In the first three pages, Thompson’s vocabulary sets the tone: “pandemic” (p1); “disturbingly”, “alarming” (p2); “threatened”, “vulnerable”, “[not] immune”, “converts”, and more subtly, “outlandish”(p3). According to the synopsis on the inside cover, Thompson demonstrates that “unless the defenders of enlightenment values fight back soon, the counterknowledge industry has the potential to create new political, social and economic disasters”. On the back cover, reviewer Nick Cohen joins the fray, projecting his own preoccupations onto Thompson’s sketchily apocalyptic canvas: “Thompson shows how apparently harmless pseudo-science breeds nationalism, race hatred and disease”. Section III looks in more detail at the way Thompson justifies the idea of counterknowledge as a coherent threat to the ‘enlightenment project’.
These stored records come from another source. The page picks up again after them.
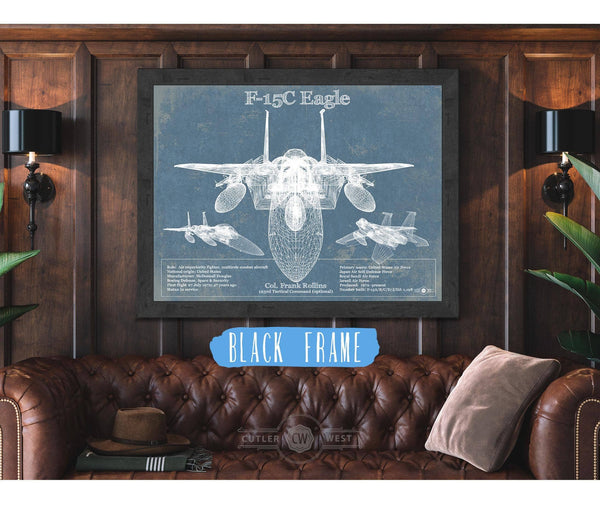 Cutler West F-15C Eagle Vintage Aviation Blueprint Military Print - Custom Name and Squadron Text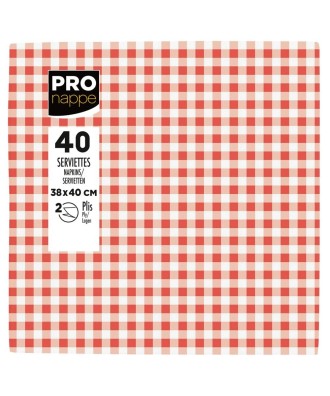 40Serviettes OUATE imprimées 38X40 Vichy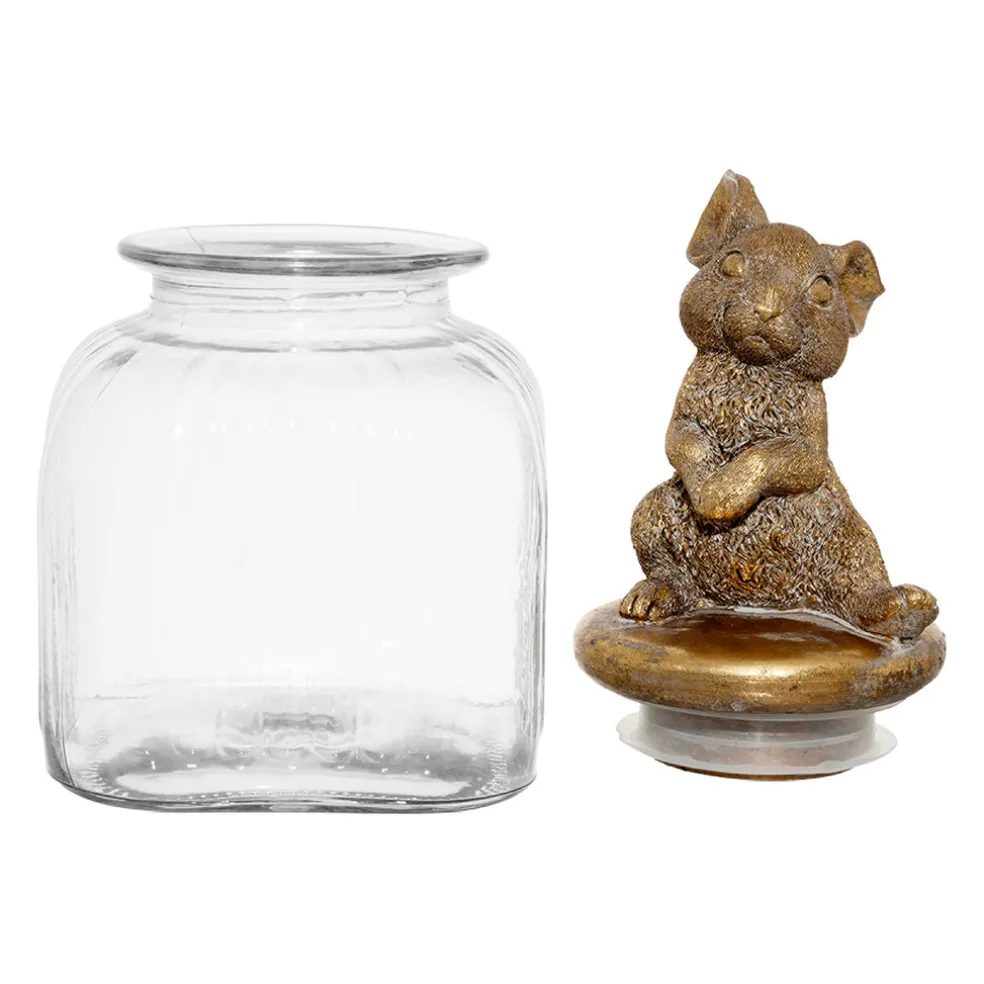 Bocal en verre avec couvercle lapin mordoré - Floreal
Finally and perhaps most perniciously, Thompson swaddles his banalities, biases and non-sequiturs in an impenetrable tangle of junk philosophy and sociological verbiage. Even those astute enough to detect that something is wrong in Thompson’s approach may well be baffled, browbeaten or bored into conceding that Thompson has a point - whatever exactly it is. Section IV summarises some of the philosophical and other solecisms Thompson perpetrates in his eagerness to dress his polemic in theoretical clothing.   

II. Bias

The book’s authoritarian streak is manifested largely in ignoring or downplaying some of the most powerful - and most daunting - examples of manifest falsehood. This aspect of the book is thrown into relief when Thompson criticises Francis Wheen's wittier and less pretentious bunkum-buster How Mumbo Jumbo Conquered the World.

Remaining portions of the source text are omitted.